The law does not affect students in formal exchange programs; those students generally enter the United States on a “J” visa.
It is unclear, however, how much of an impact the provision will have on K-12 public schools. In fiscal 1995, the latest year for which statistics are available, the U.S. Department of State issued 248,645 F-1 visas. The department does not track how many of the visa holders are attending public or private K-12 schools. But some experts said the majority of F-1 students are enrolled in higher education programs--for which they already pay tuition.
‘Parachute Kids’ Cited
The new law affects students who receive an F-1 visa or have their visa status extended after Nov. 29, 1996. But questions remain about how federal officials will enforce the provision because regulations have yet to be written.
U.S. Sen. Dianne Feinstein, D-Calif., and then-U.S. Sen. Alan K. Simpson, R-Wyo., proposed the measure late in the legislative process. A spokesman for Ms. Feinstein said she offered the provision after hearing about “parachute kids.” The term refers primarily to wealthy Asian children whose parents send them to top public schools in California to learn English, gain solid academic footing, and, in some cases, avoid mandatory military service in their home countries.
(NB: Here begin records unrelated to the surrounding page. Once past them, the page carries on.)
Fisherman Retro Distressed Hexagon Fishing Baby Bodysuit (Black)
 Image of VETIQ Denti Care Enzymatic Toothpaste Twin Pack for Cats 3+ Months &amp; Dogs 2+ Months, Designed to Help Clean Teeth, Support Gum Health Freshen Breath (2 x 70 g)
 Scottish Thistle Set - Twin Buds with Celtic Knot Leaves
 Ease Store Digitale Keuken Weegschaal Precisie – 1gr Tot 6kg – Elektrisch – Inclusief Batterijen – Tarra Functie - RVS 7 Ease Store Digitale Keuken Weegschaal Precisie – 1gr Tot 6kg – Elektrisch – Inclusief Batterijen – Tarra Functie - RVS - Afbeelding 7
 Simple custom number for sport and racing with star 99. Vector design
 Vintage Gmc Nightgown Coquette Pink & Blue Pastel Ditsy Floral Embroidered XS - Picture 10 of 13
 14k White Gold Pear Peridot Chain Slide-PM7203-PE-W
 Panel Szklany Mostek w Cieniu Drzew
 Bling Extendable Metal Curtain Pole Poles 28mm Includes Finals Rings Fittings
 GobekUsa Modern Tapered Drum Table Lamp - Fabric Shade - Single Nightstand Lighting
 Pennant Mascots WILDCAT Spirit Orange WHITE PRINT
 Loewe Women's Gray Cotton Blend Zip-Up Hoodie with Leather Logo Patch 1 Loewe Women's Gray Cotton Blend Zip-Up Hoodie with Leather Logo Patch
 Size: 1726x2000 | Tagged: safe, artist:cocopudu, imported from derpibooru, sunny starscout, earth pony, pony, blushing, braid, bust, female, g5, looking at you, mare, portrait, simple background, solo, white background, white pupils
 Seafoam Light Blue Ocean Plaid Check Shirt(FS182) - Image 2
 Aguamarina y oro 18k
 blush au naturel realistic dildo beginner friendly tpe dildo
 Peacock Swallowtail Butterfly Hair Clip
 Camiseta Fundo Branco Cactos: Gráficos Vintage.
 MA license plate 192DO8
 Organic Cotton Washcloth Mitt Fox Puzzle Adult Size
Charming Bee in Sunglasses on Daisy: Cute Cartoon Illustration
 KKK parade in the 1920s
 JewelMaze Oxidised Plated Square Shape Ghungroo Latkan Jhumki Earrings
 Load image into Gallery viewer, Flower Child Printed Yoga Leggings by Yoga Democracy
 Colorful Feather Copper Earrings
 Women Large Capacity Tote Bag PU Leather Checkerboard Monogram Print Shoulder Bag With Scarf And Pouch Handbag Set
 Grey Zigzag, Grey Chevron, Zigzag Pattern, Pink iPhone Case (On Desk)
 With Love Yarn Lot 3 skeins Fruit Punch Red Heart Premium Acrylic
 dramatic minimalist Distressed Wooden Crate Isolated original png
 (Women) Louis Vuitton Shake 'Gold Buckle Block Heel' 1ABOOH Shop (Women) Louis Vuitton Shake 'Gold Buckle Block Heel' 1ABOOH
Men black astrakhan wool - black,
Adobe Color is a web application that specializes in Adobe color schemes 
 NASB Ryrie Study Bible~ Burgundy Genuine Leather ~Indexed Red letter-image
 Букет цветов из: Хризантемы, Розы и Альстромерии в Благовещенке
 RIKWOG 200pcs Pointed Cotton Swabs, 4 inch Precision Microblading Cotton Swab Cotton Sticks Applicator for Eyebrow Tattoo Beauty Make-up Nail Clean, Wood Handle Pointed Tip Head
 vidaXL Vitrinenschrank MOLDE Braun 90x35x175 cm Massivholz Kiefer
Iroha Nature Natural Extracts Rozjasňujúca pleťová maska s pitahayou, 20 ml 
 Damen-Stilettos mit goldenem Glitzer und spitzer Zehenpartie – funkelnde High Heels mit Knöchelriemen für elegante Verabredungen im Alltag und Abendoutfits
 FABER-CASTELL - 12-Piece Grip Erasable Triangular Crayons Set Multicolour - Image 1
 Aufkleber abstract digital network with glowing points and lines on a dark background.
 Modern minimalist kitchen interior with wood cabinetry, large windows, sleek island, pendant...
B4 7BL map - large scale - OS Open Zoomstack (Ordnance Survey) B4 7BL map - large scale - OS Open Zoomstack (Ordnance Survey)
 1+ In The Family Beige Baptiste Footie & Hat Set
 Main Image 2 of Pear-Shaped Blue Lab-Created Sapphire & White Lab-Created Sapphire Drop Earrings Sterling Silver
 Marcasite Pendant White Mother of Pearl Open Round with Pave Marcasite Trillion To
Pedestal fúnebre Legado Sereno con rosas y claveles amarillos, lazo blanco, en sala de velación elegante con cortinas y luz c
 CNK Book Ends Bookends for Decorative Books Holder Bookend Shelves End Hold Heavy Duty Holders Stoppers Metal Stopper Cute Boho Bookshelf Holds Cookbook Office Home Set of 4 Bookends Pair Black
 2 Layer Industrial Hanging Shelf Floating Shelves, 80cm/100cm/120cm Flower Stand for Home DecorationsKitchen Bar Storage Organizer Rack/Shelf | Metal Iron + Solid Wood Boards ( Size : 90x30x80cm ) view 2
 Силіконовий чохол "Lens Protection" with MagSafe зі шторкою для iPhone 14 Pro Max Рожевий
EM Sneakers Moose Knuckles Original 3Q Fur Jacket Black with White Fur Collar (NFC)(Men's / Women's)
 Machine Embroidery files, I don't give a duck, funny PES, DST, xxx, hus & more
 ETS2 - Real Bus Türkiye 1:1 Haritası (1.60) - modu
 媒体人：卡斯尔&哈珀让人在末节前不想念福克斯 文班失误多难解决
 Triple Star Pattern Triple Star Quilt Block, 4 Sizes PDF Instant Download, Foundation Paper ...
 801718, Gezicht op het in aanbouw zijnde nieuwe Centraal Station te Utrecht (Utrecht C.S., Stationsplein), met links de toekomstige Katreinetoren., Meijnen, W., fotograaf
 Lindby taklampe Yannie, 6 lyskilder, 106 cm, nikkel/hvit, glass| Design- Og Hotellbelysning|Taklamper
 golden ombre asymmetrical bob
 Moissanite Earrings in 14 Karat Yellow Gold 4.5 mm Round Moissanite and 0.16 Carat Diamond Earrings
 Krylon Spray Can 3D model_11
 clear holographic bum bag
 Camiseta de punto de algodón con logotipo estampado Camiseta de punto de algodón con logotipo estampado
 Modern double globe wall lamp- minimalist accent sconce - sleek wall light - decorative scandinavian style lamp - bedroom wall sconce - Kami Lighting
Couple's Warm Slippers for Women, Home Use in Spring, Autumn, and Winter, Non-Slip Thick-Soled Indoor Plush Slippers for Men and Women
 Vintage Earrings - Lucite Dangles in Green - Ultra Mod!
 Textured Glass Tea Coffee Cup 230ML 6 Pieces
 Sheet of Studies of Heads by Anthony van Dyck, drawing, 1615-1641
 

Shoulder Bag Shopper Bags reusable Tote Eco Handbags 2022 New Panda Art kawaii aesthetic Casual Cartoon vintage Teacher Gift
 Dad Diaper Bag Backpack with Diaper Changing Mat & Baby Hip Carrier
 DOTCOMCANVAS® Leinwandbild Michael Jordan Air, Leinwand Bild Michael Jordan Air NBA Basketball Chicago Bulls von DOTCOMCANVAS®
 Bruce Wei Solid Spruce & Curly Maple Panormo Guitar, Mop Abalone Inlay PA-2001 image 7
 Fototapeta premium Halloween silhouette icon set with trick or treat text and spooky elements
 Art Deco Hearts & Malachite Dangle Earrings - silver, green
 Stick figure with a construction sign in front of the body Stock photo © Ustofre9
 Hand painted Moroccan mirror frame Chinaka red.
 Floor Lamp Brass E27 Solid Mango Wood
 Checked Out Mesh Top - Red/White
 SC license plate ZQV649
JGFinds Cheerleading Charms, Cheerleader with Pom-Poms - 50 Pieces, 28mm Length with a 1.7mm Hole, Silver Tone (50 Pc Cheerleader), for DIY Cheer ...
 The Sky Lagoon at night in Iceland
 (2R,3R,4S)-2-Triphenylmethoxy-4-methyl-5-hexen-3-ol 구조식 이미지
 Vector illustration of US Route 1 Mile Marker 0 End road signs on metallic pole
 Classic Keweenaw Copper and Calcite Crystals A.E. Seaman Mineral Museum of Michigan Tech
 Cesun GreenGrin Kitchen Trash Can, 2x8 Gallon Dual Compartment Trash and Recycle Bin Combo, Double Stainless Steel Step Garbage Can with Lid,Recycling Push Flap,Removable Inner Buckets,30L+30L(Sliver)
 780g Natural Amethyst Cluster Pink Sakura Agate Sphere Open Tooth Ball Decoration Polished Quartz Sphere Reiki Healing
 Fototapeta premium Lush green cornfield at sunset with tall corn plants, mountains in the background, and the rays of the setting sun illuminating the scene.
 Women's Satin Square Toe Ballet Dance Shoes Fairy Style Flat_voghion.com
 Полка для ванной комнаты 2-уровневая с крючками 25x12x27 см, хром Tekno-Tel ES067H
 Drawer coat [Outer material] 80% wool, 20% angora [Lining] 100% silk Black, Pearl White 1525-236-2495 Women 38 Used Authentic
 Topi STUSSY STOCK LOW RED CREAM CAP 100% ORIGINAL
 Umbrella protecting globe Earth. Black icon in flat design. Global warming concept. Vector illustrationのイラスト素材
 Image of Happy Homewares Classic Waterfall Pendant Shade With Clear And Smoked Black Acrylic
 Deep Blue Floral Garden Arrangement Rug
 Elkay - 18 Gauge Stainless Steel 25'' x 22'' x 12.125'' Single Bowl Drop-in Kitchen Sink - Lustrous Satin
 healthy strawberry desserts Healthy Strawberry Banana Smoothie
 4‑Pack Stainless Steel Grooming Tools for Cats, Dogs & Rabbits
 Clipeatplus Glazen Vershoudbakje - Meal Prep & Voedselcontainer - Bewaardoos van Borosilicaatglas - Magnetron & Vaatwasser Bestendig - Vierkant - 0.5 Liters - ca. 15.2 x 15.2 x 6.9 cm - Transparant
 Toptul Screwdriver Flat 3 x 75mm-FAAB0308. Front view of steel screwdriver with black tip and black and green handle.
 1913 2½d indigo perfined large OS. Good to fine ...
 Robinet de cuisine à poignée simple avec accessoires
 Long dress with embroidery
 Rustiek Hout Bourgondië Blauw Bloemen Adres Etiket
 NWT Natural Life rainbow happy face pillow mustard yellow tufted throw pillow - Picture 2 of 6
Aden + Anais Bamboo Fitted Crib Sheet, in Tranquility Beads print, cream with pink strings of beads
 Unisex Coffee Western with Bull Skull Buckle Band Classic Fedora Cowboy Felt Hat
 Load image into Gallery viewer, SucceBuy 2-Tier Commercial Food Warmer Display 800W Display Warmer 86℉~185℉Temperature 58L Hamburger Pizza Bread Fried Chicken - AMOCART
Some students live with relatives or family friends; others live on their own. Some experts estimate that as many as 40,000 such students are living in the United States, though many argue that there are no accurate figures. Many such students are thought to have entered the country on tourist visas and by other means, not F-1 student visas.
Ms. Feinstein was told by law-enforcement officials that many such children were being recruited by gangs, the senator’s spokesman said.
She was also concerned that students who received visas to enroll in private schools could then transfer to public schools and attend them at taxpayer expense. The new law makes it illegal for foreign students who receive F-1 visas to study in a private school to then transfer to a public school, unless they pay for the education and follow the one-year time limit.
During debate over the immigration bill, most education groups were focused on a highly controversial provision that would have given states the option of denying free public education to illegal immigrant students. The so-called Gallegly amendment, named for its sponsor, U.S. Rep. Elton Gallegly, R-Calif., dominated much of the debate and drew a threat from President Clinton to veto any bill that contained it. The amendment eventually died. (“School Provision Stripped From Immigration Bill,” Oct. 2, 1996.)
In contrast, the F-1 provision “went through with relatively little or no fanfare,” Mr. Prazuch said. “Everyone was so focused on Gallegly and other provisions.”